А ведь на нашем участке немца мы остановили и здорово потрепали. Но зато правее нас они уже заняли Миллерово и будут двигаться с севера на Ростов-на-Дону. Кругом нас взрывают шахты, заводы, административные здания. Мы уже собираем вещи. Писем нет ни от кого, так как связь с Москвой прервана. А сколько труда и нечеловеческих мук на все это ушло! Настроение прегнусное. Когда же кончится наш драп.

Лисичанск взят немцами. Видимо, в моей меховой куртке, которую я оставил своим хозяевам квартиры на хранение, будет теперь щеголять какой-нибудь фриц. А что стало с моим госпиталем, медсестрами…


18.07.42.

Отходим. Отходим по ночам под проливным дождем. Сзади горящие дома, густой дым, взрывы. По грязным разбитым дорогам тянутся вереницы подвод и автомашин. Мелкими группами уныло двигается отходящая пехота.

Наша полевая кухня где-то затерялась.
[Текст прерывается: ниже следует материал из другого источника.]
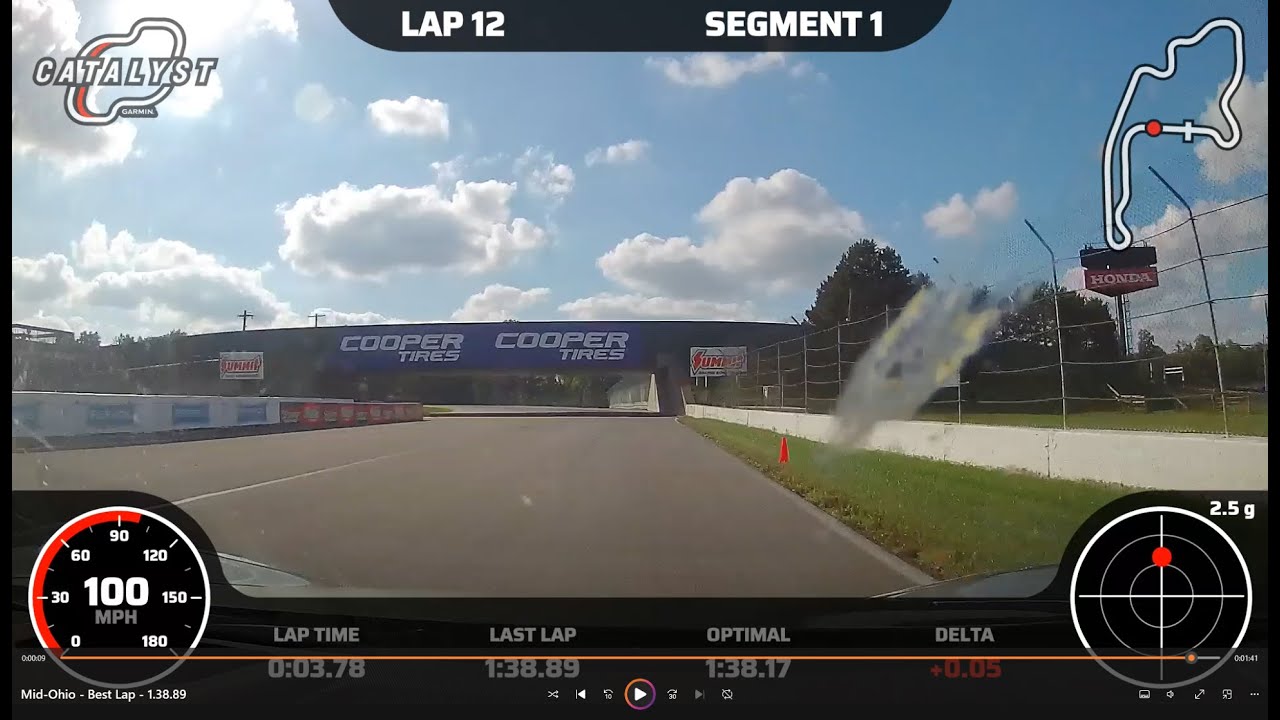Mid-Ohio Club Circuit (w/ Chicane). C8 Corvette Z51 - Hoosier R7. Best Lap 1:38.89 - MVP Track Time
Хорошо, хоть по дороге можно всласть поесть вишен и меда.

Настроение поганое. Тяжело покидать землю, с которой успели породниться. Вернемся ли мы сюда когда-нибудь. Писем не получаю, не знаю, как дома, кто сейчас где и как. Дождь не перестает, небо плачет, провожая нас. Останавливаемся в незнакомых селах и поселках. Заводим патефон, шутим, смеемся, но у каждого на душе кошки скребут. Хоть бы отвлечься чем-нибудь или кем-нибудь.


19.07.42.

Мы уже в Ростовской области. Прощай, Донбасс, прощай, Украина! Теперь вся украинская земля захвачена немцами. Густые вишневые сады, темные задумчивые терриконы, беленькие приветливые деревушки и поселки — все осталось позади. В ростовских хуторах население относится к нам совсем по-другому. На Украине каждый готов был отдать все, что у него было, и обижался, когда мы за это платили. Здесь без скандала нельзя достать глоток молока.

Сегодня был такой случай. В каком-то хуторе вдруг подходит ко мне наш офицер, старший лейтенант, и обращается по-французски. Я сначала никак не мог понять, что это значит и кто этот офицер. Потом познакомились, разговорились. Оказалось, что он весьма симпатичный человек с высшим образованием, учился в дипломатическом институте Наркоминдела. Немного владеет немецким. Но дело не в нем, хотя и в нем много непонятного. Привел он меня в одну избу. Хозяев никого нет. Открыли дверь в одну комнату, смотрю, висит белое полотнище с надписью на немецком языке «Добро пожаловать!», поверх полотнища — икона, украшенная цветочками. Мой новый знакомый рассказал, что здесь когда-то, лет двести тому назад, жили немцы-колонисты. И вот даже обрусевшие за эти годы жители хутора явно предпочитают своих далеких предков, чем нас. Такие вот дела. Мы молча постояли перед этой избой, не зная, что нам предпринять. Но уже послышалась команда нашего начальства: «По машинам!», и мы распрощались. Он пошел к своим, я — к машине.